[Opening GIVEN RECORDS section]
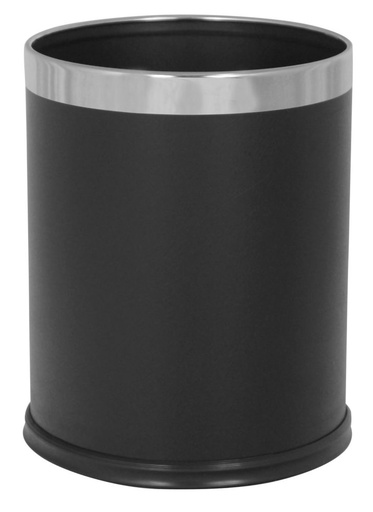 [8991087] PAPELERA EFECTO DE CUERO NEGRO 10L CARCASA SIMPLE OFICINA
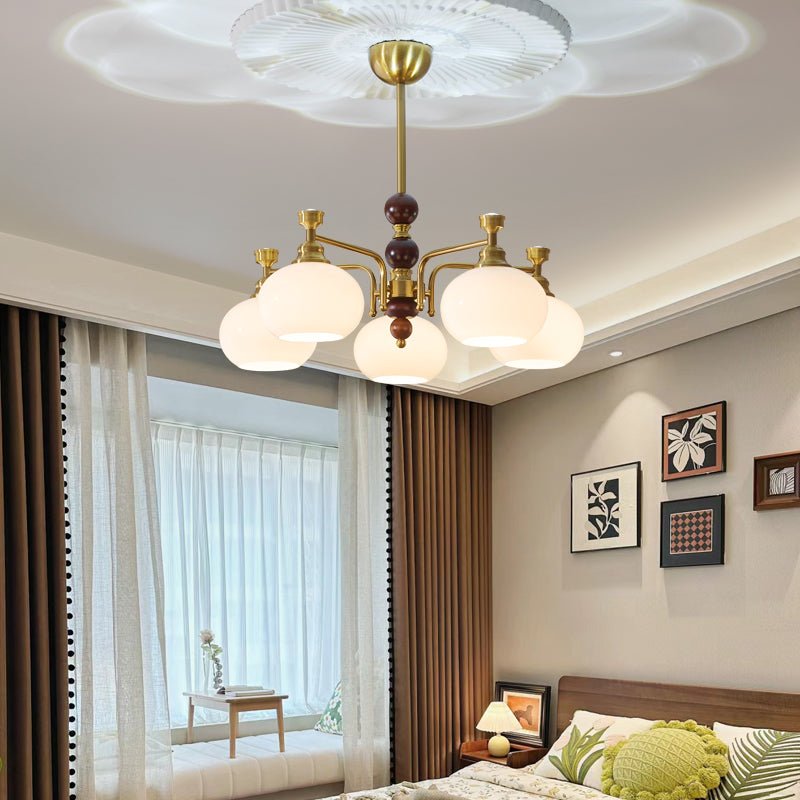 Aursolos Traditional Elegance Wood Glass Chandelier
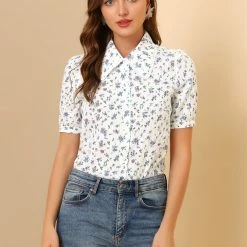 Allegra K Women's Floral Peter Pan Collar Lace Trim Short Sleeve Button Down Floral Blouse 12 Allegra K Women's Floral Peter Pan Collar Lace Trim Short Sleeve Button Down Floral Blouse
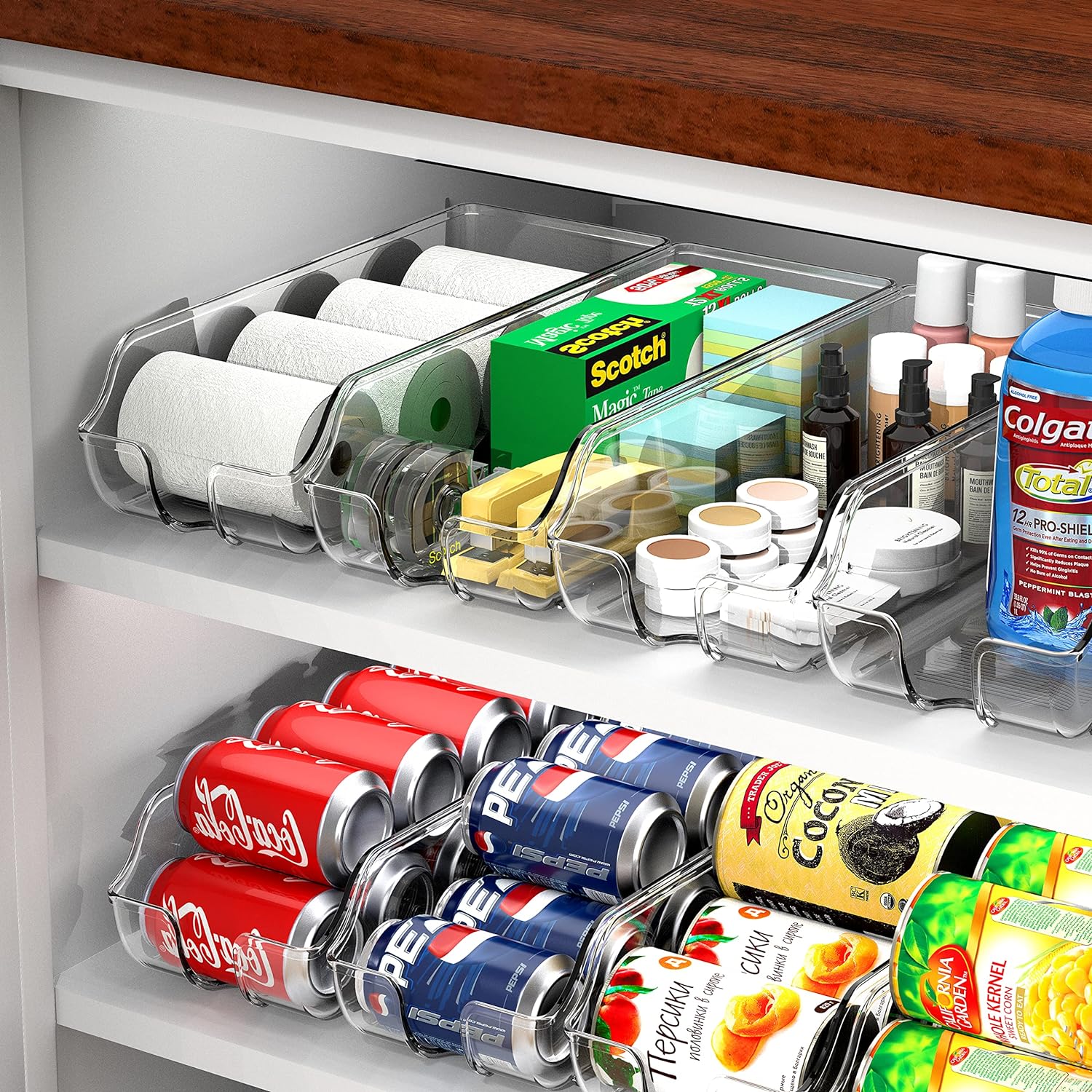 Soda Can Organizer for Refrigerator/Pantry, Clear, Set of 4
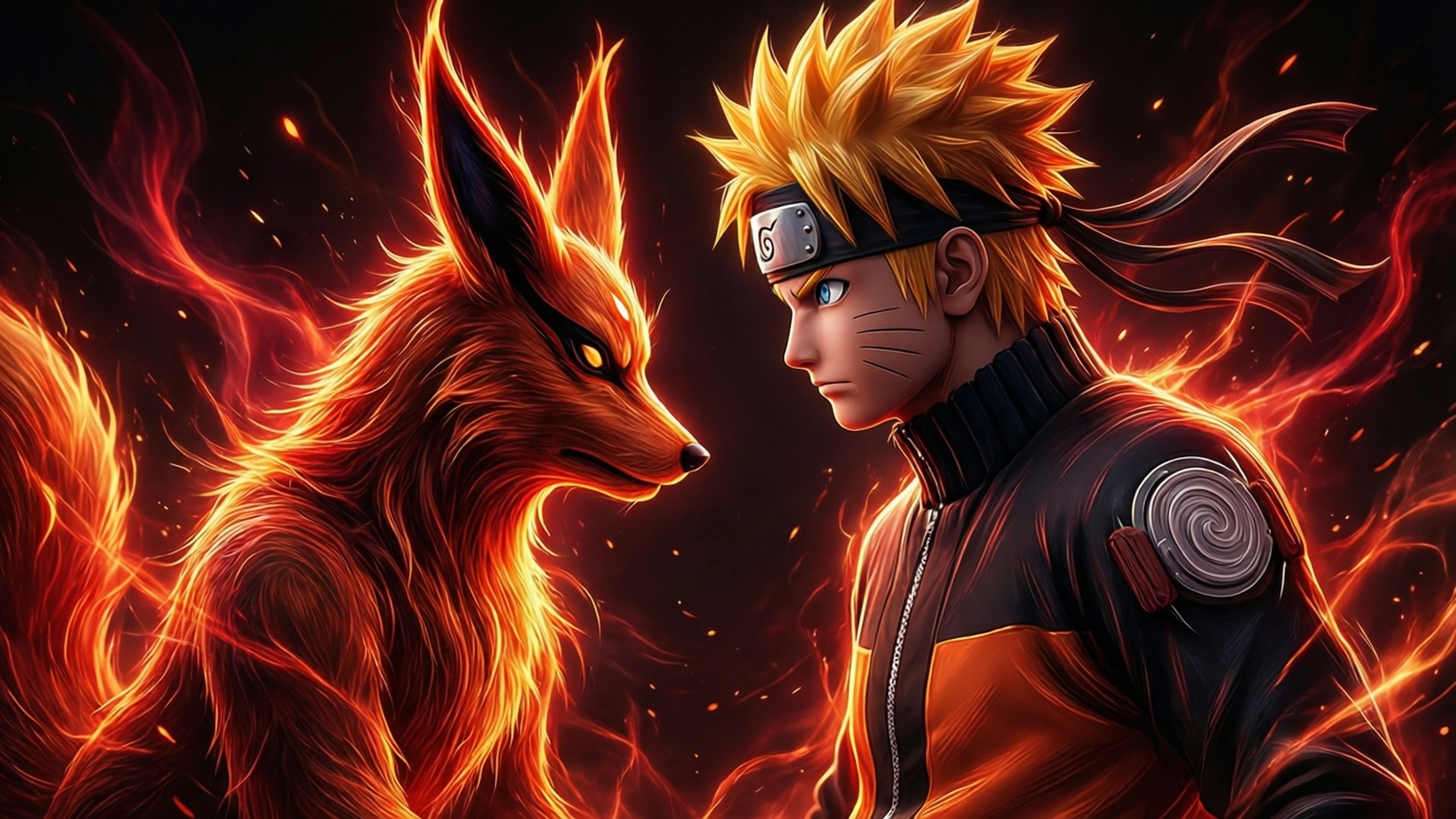 Σιλουέτα Kurama και Naruto Ταπετσαρία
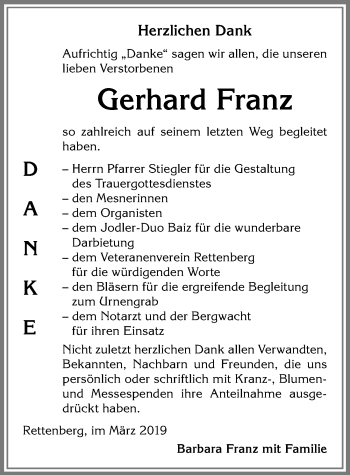Traueranzeige von Gerhard Franz von Allgäuer Anzeigeblatt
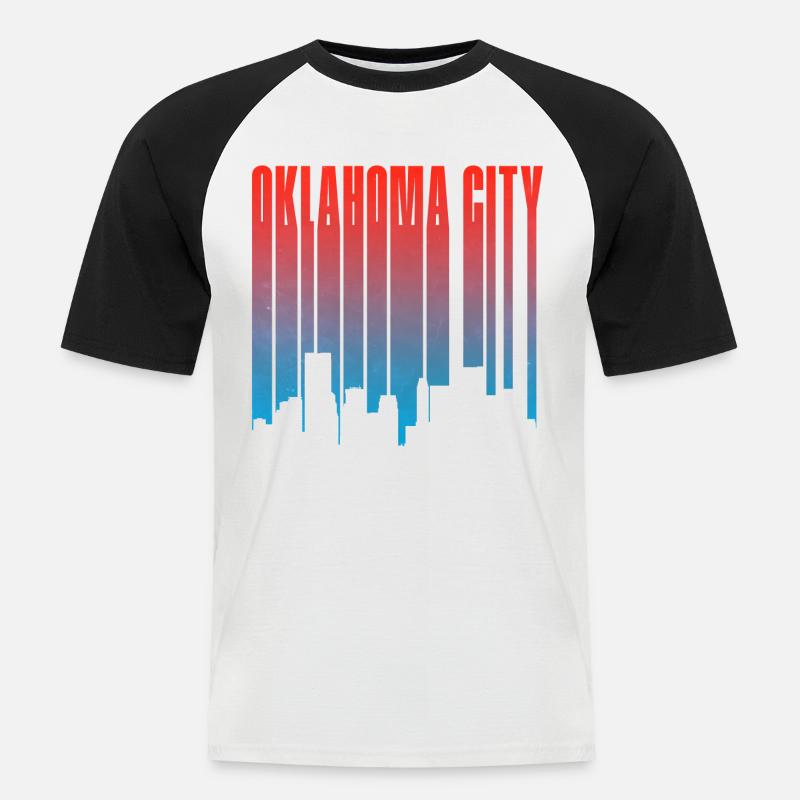 Oklahoma City Skyline Gradient - Männer Baseball-T-Shirt - Weiß/Schwarz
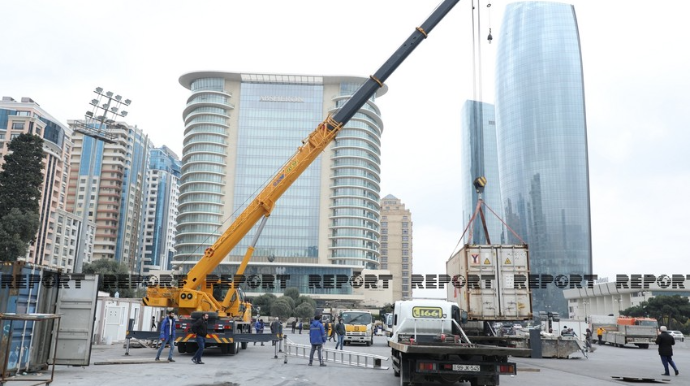 Bakıda hərbi parada hazırlıq işləri görülür  - VİDEO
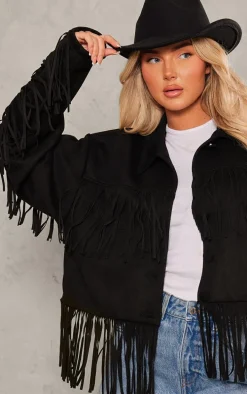 Black Faux Suede Western Fringe Detail Jacket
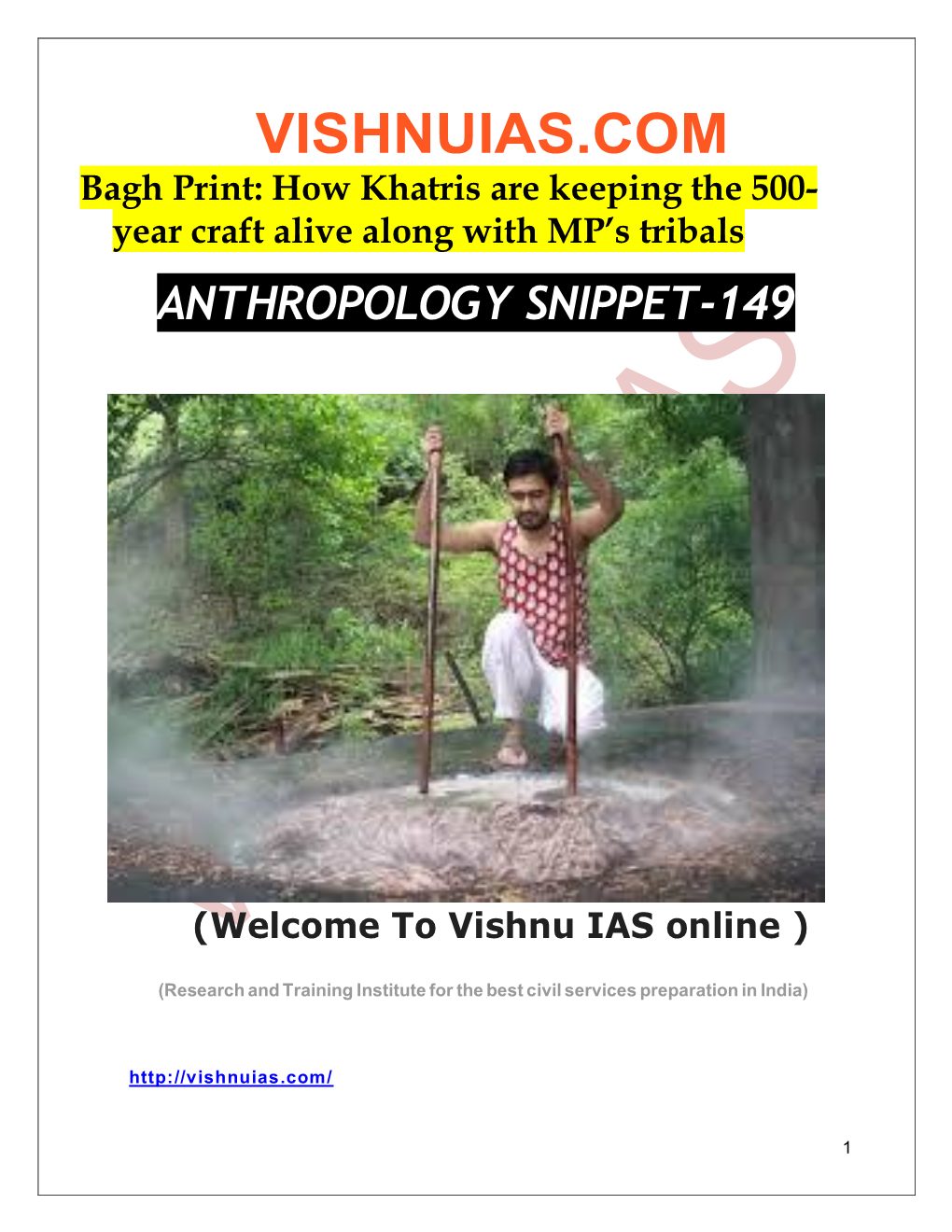 Bagh Print: How Khatris Are Keeping the 500- Year Craft Alive Along with MP’S Tribals ANTHROPOLOGY SNIPPET-149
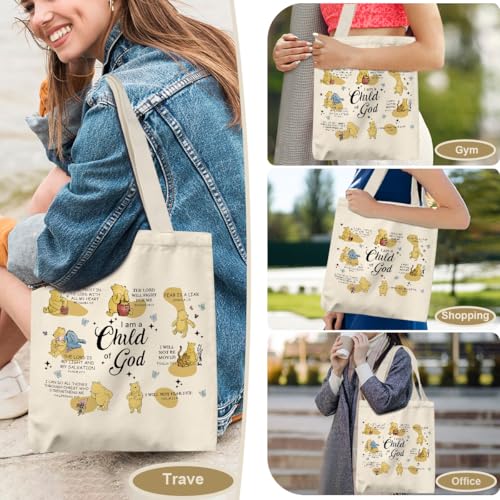 Winnie Bible Verse Tote Bag, I Am a Child of God Canvas Tote Bag, Inspirational Christian Gifts for Women, Motivational Religious Gifts for Sister Bestie Coworker, for Vacation, Shopping, Grocery by Ggjgrpx - Used condition - Image 7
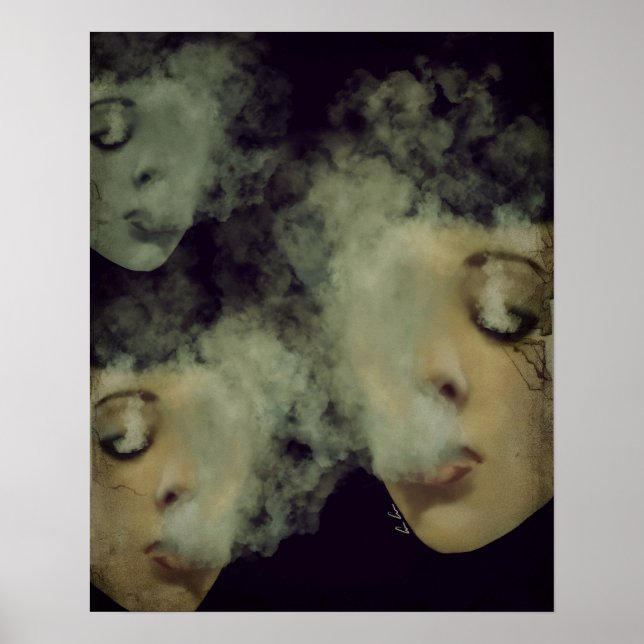 Poster Femme Fumer Vape Grunge Art (Devant)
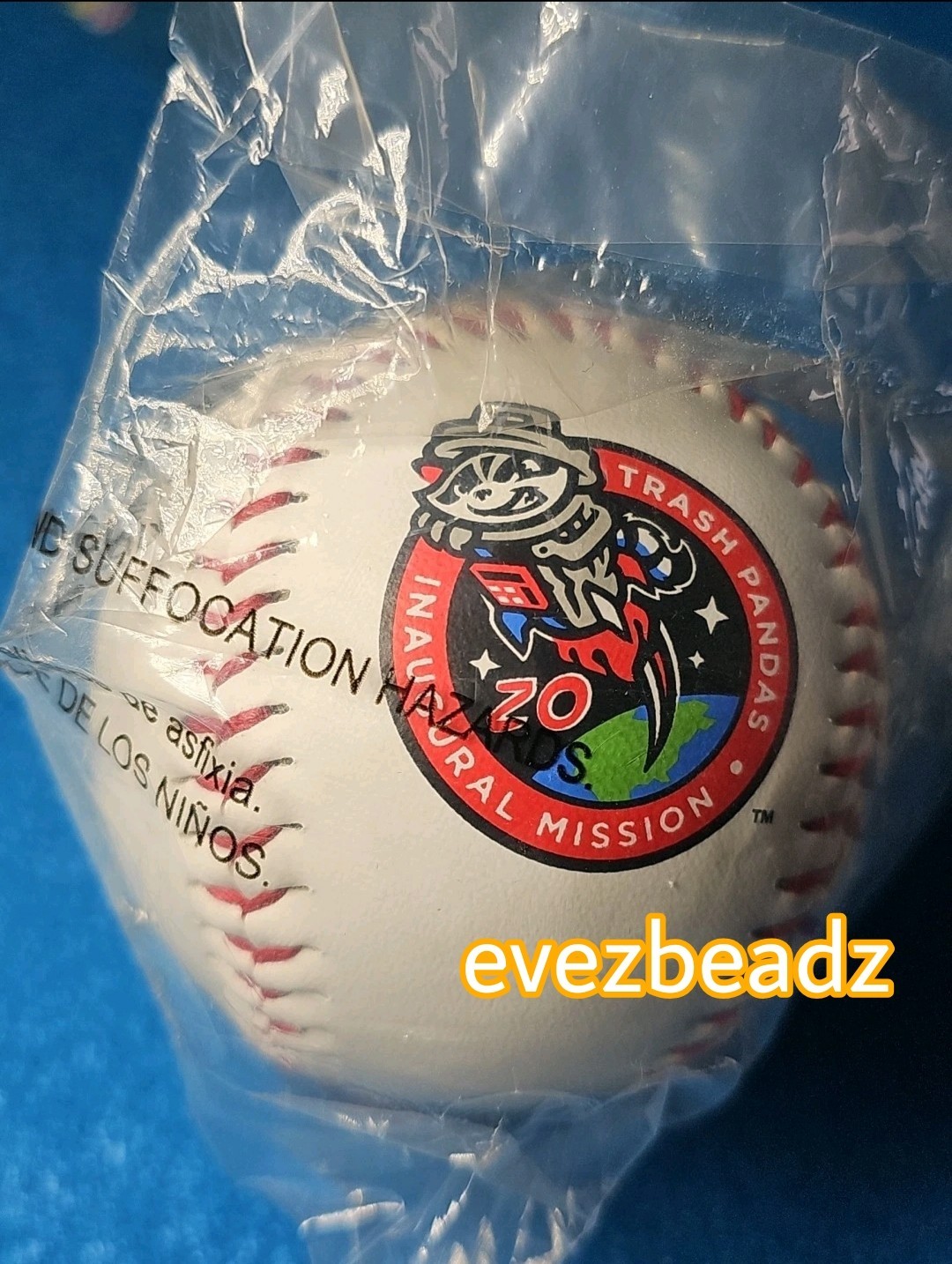 EvezBeadz Trash Pandas Inaugural Mission Baseball Rocket City Huntsville Rare 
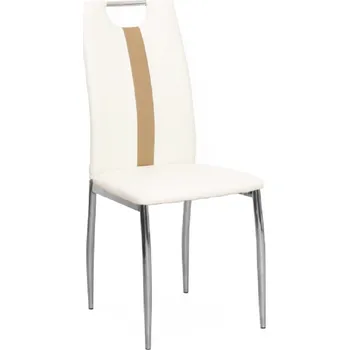 Jídelní židle Židle, bílá / béžová ekokůže + chrom nohy, SIGNA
[Closing GIVEN RECORDS section]
Set down the records above exactly as written, beginning with the first line and ending with the line that contains "EvezBeadz Trash Pandas", and do not include pictures.

 [8991087] PAPELERA EFECTO DE CUERO NEGRO 10L CARCASA SIMPLE OFICINA
 Aursolos Traditional Elegance Wood Glass Chandelier
 Allegra K Women's Floral Peter Pan Collar Lace Trim Short Sleeve Button Down Floral Blouse 12 Allegra K Women's Floral Peter Pan Collar Lace Trim Short Sleeve Button Down Floral Blouse
 Soda Can Organizer for Refrigerator/Pantry, Clear, Set of 4
 Σιλουέτα Kurama και Naruto Ταπετσαρία
Traueranzeige von Gerhard Franz von Allgäuer Anzeigeblatt
 Oklahoma City Skyline Gradient - Männer Baseball-T-Shirt - Weiß/Schwarz
 Bakıda hərbi parada hazırlıq işləri görülür  - VİDEO
 Black Faux Suede Western Fringe Detail Jacket
 Bagh Print: How Khatris Are Keeping the 500- Year Craft Alive Along with MP’S Tribals ANTHROPOLOGY SNIPPET-149
 Winnie Bible Verse Tote Bag, I Am a Child of God Canvas Tote Bag, Inspirational Christian Gifts for Women, Motivational Religious Gifts for Sister Bestie Coworker, for Vacation, Shopping, Grocery by Ggjgrpx - Used condition - Image 7
 Poster Femme Fumer Vape Grunge Art (Devant)
 EvezBeadz Trash Pandas Inaugural Mission Baseball Rocket City Huntsville Rare 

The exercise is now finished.